Fluctuation Theorem of Information Exchange within an Ensemble of Paths Conditioned on Correlated-Microstates

Round 1

Reviewer 1 Report

In this article, authors show that mutual information encodes the amount of entropy production of the ensemble paths reaching the coupled states.  Each single microstate is considered as an ensemble of trajectories in local version of fluctuation theorem of information exchange.  Authors start by briefly discussing Crooks and Jarzynski fluctuation theorem, after which they introduce the Ensemble of Conditioned Paths and Dynamic Information Exchange.  In the Corollary, they discuss entropy production in terms of energetic costs for weakly coupled paths followed by an example.

This is a short, but well written article, especially if one considers that the Overview of Fluctuation Theorems is well known fact.  Nevertheless, the clear idea, language, and the useful illustration makes this article a significant contribution.  I recommend publishing this article in Entropy in its present form.

Author Response

Response to Reviewer 1

Comments

First of all, we would like to thank the referee for the very positive responses for the publication of the paper to entropy.

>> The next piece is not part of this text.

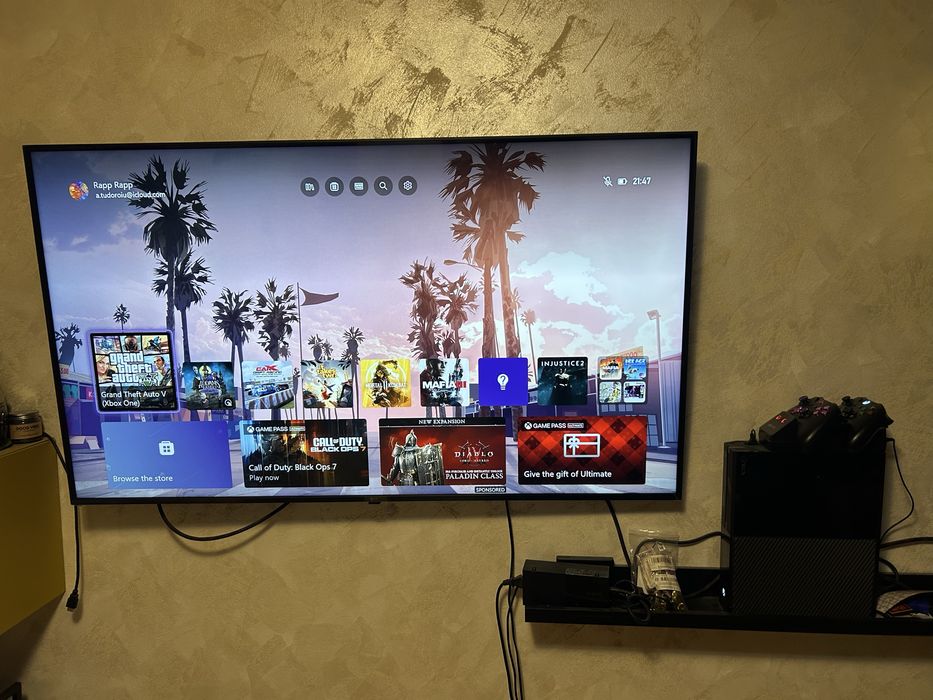 Xbox one cu 2 manete, 1TB dock station, 370 GB și 8 jocuri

Point 1: In this article, authors show that mutual information encodes the amount of entropy production of the ensemble paths reaching the coupled states.  Each single microstate is considered as an ensemble of trajectories in local version of fluctuation theorem of information exchange.  Authors start by briefly discussing Crooks and Jarzynski fluctuation theorem, after which they introduce the Ensemble of Conditioned Paths and Dynamic Information Exchange.  In the Corollary, they discuss entropy production in terms of energetic costs for weakly coupled paths followed by an example.

Response 1: We agree on this.

Point 2:This is a short, but well written article, especially if one considers that the Overview of Fluctuation Theorems is well known fact.  Nevertheless, the clear idea, language, and the useful illustration makes this article a significant contribution.  I recommend publishing this article in Entropy in its present form.

Response 2: We thank the referee for the recommendation of this article in Entropy.

Author Response File: Author Response.docx

Reviewer 2 Report

Please see the attached file. 

Comments for author File: Comments.pdf

Author Response

Response to Reviewer 2 

Comments

First of all, we would like to thank the referee for providing very constructive comments that enable to improve the weak points of the paper such that the manuscript may reach the high quality required for acceptance in Entropy. We have modified the document (written in blue for modifications) following the referee's comments as follows.

Point 1: The first sentence of the Abstract, “Fluctuation theorems are a class of equalities each of which links a thermodynamic path functional such as heat and work to a state function such as entropy and free energy”, is incorrect. There are several fluctuation theorems not containing thermodynamic state functions, as comprehensively reviewed in Ref. [17] of the present manuscript.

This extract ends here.